This would be an ongoing slow-motion fireball of a disaster, in terms of usability, product coherence, and user trust in your company's capabilities and professionalism.
Not to put too fine a point on it.
Throughout the transition period, your users would have to cope with two competing layouts and two conflicting navigation structures. This would double their cognitive load in trying to keep track of where everything is, and would cause confusion about how the two halves correspond to one another.
(Looking at your before and after screenshots, it's totally unclear to me which links are intended to correspond to each other in each layout; this would be confusing even if you weren't planning to change the structure of the application along with the redesign.)
The problem will be exacerbated by the fact that things will keep moving around on them as you gradually transition from one framework to the next; it's unlikely you'd be able to document the current state of the system during the transition period, or that users would be able (or willing) to keep up with it even if you were.
change tolerance among our users is low
...so it's maybe not a great idea to subject them to months of ongoing, gradual but radical change.
But it's even worse than that, because you're also planning to
redesign layout and navigation and not have to worry about backward compatibility.
...which means that the navigation structures will be in conflict; sections which are to be removed from the old design will be inaccessible from pages which have the new design, and vice-versa.

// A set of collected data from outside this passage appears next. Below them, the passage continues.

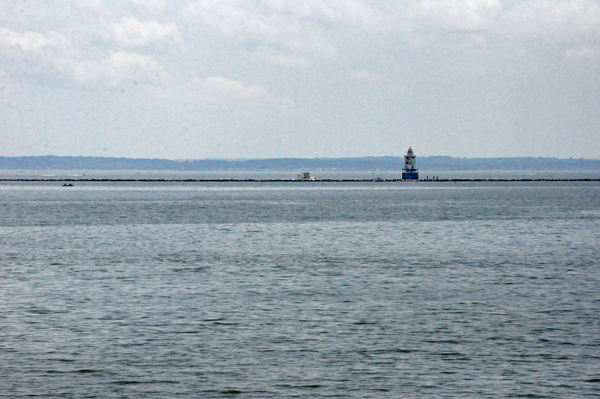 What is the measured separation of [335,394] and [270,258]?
35456 mm

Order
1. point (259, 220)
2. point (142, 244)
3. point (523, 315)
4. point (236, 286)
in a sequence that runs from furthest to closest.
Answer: point (259, 220)
point (142, 244)
point (236, 286)
point (523, 315)

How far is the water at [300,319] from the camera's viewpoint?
22.7 meters

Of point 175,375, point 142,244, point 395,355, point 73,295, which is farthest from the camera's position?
point 142,244

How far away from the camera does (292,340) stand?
2781 cm

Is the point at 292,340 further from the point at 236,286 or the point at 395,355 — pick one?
the point at 236,286

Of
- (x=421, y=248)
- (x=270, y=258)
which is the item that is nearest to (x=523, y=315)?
(x=270, y=258)

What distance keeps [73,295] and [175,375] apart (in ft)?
53.5

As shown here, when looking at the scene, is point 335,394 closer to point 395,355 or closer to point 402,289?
point 395,355

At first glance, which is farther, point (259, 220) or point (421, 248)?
point (259, 220)

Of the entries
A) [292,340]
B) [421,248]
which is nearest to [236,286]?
[292,340]

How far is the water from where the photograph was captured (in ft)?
74.5

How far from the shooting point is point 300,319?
31797mm

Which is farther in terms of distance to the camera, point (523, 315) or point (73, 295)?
point (73, 295)

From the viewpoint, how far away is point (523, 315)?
3259 centimetres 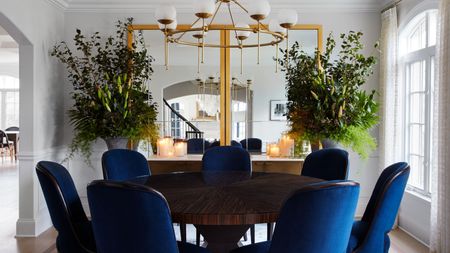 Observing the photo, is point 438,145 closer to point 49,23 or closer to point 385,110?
point 385,110

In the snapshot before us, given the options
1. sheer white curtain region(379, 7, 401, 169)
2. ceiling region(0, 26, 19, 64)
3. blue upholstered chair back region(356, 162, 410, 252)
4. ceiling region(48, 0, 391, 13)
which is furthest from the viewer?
ceiling region(0, 26, 19, 64)

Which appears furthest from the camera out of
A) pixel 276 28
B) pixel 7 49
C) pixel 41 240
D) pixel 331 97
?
pixel 7 49

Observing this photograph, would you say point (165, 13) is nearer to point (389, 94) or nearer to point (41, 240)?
point (41, 240)

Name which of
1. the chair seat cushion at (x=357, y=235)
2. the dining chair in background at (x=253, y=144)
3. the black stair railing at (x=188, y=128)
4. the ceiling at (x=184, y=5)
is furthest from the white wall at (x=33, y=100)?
the chair seat cushion at (x=357, y=235)

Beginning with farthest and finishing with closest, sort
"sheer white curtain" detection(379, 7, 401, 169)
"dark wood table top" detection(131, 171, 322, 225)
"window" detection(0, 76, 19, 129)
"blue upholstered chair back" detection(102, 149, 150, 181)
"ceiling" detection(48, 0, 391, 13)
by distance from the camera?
"window" detection(0, 76, 19, 129) < "ceiling" detection(48, 0, 391, 13) < "sheer white curtain" detection(379, 7, 401, 169) < "blue upholstered chair back" detection(102, 149, 150, 181) < "dark wood table top" detection(131, 171, 322, 225)

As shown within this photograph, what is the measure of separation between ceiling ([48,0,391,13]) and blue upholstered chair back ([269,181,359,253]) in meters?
3.66

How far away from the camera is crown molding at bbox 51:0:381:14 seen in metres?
5.27

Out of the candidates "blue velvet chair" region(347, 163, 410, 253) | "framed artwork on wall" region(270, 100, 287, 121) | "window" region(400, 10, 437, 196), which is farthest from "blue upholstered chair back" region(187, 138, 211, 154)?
"blue velvet chair" region(347, 163, 410, 253)

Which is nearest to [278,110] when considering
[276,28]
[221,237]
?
[276,28]

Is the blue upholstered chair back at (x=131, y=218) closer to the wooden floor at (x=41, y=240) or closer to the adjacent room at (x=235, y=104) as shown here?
the adjacent room at (x=235, y=104)

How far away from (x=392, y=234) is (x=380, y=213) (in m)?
2.30

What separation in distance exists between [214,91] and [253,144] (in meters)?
0.78

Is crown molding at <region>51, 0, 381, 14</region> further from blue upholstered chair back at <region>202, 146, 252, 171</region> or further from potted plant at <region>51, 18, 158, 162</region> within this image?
blue upholstered chair back at <region>202, 146, 252, 171</region>

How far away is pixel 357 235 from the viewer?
2775 mm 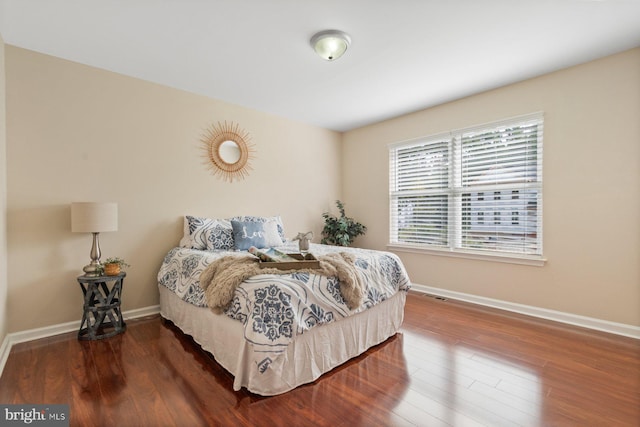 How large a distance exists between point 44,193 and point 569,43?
470cm

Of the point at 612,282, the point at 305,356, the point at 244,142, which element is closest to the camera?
the point at 305,356

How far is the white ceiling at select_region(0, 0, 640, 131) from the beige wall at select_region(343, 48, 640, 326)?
23cm

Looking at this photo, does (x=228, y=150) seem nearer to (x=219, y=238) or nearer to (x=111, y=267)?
(x=219, y=238)

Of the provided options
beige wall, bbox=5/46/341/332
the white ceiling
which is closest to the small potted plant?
beige wall, bbox=5/46/341/332

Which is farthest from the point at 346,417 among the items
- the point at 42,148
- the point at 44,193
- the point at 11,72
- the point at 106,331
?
the point at 11,72

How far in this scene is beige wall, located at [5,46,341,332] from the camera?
8.13ft

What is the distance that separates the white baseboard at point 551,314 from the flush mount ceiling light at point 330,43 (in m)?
3.09

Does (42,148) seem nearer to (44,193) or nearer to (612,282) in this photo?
(44,193)

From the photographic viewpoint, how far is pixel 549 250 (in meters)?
2.97

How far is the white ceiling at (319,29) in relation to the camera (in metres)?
2.01

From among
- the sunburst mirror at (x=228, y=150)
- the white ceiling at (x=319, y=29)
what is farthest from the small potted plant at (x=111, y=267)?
the white ceiling at (x=319, y=29)

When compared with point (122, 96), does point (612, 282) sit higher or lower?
lower

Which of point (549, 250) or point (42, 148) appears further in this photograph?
point (549, 250)

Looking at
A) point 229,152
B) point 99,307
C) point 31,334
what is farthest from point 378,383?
point 229,152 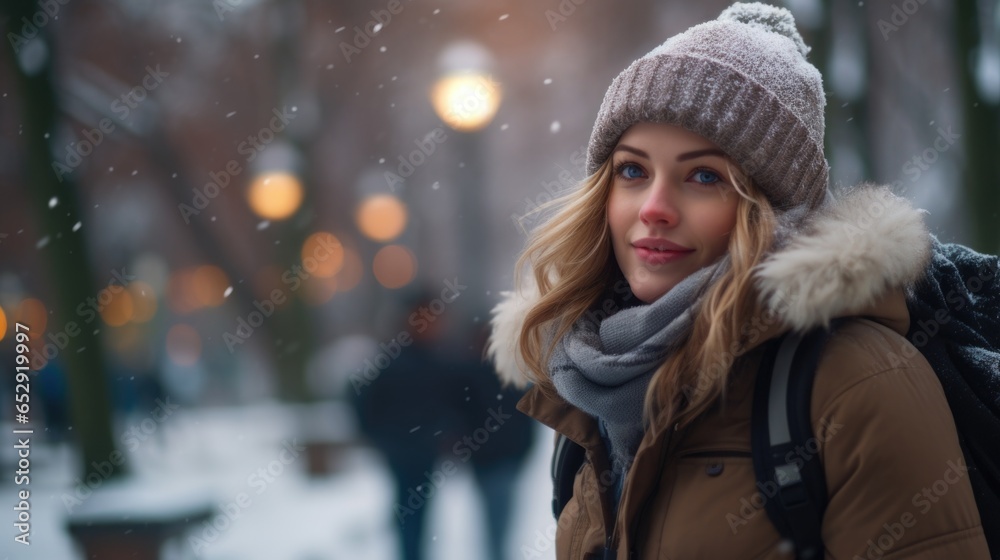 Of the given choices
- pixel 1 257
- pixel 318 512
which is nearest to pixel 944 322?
pixel 318 512

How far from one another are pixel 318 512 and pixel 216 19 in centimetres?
557

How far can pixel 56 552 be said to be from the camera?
19.1ft

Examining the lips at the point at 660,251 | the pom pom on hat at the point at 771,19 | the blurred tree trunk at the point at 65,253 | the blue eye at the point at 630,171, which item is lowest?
the lips at the point at 660,251

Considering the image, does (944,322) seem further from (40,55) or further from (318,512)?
(318,512)

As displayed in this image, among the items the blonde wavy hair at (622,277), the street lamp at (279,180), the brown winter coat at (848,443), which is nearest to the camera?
the brown winter coat at (848,443)

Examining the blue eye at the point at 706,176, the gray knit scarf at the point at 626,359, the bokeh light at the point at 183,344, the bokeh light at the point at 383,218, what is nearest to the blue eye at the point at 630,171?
the blue eye at the point at 706,176

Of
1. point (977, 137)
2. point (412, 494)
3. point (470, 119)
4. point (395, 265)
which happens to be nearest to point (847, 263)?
point (412, 494)

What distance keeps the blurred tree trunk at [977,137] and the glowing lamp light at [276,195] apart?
23.9 feet

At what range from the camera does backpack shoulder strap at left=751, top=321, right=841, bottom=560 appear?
1.62 meters

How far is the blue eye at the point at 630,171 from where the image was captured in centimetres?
206

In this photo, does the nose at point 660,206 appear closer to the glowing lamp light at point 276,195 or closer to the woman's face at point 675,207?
the woman's face at point 675,207

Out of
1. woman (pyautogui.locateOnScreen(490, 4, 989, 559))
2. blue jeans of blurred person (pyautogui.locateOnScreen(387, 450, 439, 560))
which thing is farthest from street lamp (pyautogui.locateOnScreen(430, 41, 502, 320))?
woman (pyautogui.locateOnScreen(490, 4, 989, 559))

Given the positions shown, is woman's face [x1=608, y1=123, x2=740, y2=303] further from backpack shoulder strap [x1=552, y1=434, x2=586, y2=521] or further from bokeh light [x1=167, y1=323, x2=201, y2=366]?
bokeh light [x1=167, y1=323, x2=201, y2=366]

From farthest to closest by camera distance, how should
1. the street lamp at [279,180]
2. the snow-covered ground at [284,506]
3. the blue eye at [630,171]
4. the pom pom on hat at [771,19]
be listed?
the street lamp at [279,180] → the snow-covered ground at [284,506] → the pom pom on hat at [771,19] → the blue eye at [630,171] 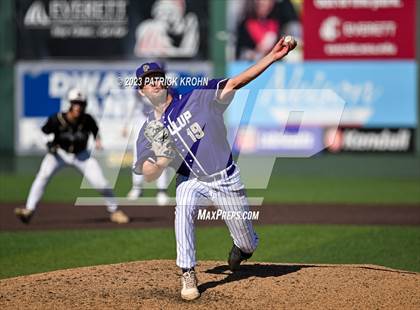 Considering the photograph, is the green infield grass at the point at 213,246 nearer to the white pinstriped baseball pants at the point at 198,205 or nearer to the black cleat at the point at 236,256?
the black cleat at the point at 236,256

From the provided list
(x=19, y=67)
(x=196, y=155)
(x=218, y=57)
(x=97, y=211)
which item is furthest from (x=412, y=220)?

The user will have to remember things like "ok, to get back to this old feature from this new page I have to click one of the nav links that I remember happens to point back to the old design, so I can get to the old navbar which links to the thing I actually want to get to. Oh, wait, I guess they updated that page now. How do I get back to the old design? Where am I?"
Or alternatively, you'll have to preserve and maintain the entire "old" application throughout the transition, just so you have a reliable fallback for the missing parts of the incomplete "new" application. This would be effectively the same as just redesigning the whole new product behind the scenes and cutting over on launch day, except much more difficult because you'll have to support both in public throughout the transition.
But you can't do that, either,
because of the extensive database redesign that's involved in this project... it would be impossible (or at least undesirable) to maintain both at the same time
Not worrying about backward compatibility is one thing -- you're proposing not worrying about current compatibility. Right now your users have a product they can use. While they wait for you to finish your redesign, they'll be stuck having to work with two halves of two different products.
We don't have time/resources to simply stop and redesign the app all at once
That may be true, but it's probably not a good idea to expose that fact to your users quite so blatantly.
Redesigning only part of your application clearly sends the message "we lack the capability to do this job properly, so please just bear with us while we muddle through."
No need to belabor this point further, I think.
So.... Instead of that...
It is probably not a great idea to redesign the product's appearance, and its functionality, and its navigation structure, while simultaneously transitioning from one front-end framework to another, as well as redesigning the database structure -- everything, in other words -- in public, with live data coming from both sides, while trying to keep everything in synch.
That's, like, a totally full Risk Factor Bingo card, even if you set aside the UX factors this answer is putatively about.
You need to separate these processes, for your own safety and sanity, as well as that of your users. Don't try to do everything at once; you'll fail.
If you need to change frameworks, I'd suggest completing that transition first, without considering any changes to functionality, layout, or structure. This will tend to make the code transition much quicker and smoother than if you're trying to make other changes at the same time.
(It'll also have the incidental benefit of letting your devs get a handle on how React works before they have to dig in on the "real" new design; they'll be doing their learning on the version you plan to throw away, instead of on the code you'll be living with long term.)
Some database structure changes probably go along with that by necessity, but keep these as minimal as possible.
Once you have a solid footing from a technological standpoint, then it's time to start thinking about redesign and structural changes.
Especially with a change-resistant audience, I like to do this in two separate stages:
- Cosmetic changes. If these are major, do them all at once. Rock that new look-and-feel, move the layout around like mad, but keep all the functionality and the navigation hierarchy exactly the same, so the user doesn't feel lost; it's the same product, it just looks prettier. This is what will be perceived by users as the real redesign, even though it's functionally identical to what was there before.
- Functional changes, incrementally. Restructure your site map as needed, change the functionality that needs changes, but do these gradually and incrementally. This is where the real change happens, but it generally won't be perceived by users as a "redesign" because it all looks the same -- bits and pieces of it just work better every time you do an update. Doing this incrementally means you have the opportunity to get user feedback as you go, and back out mistakes before you've committed too heavily to them. It also mitigates the change resistance on the part of the user, because you're not changing everything around on them, you're just improving bits and pieces.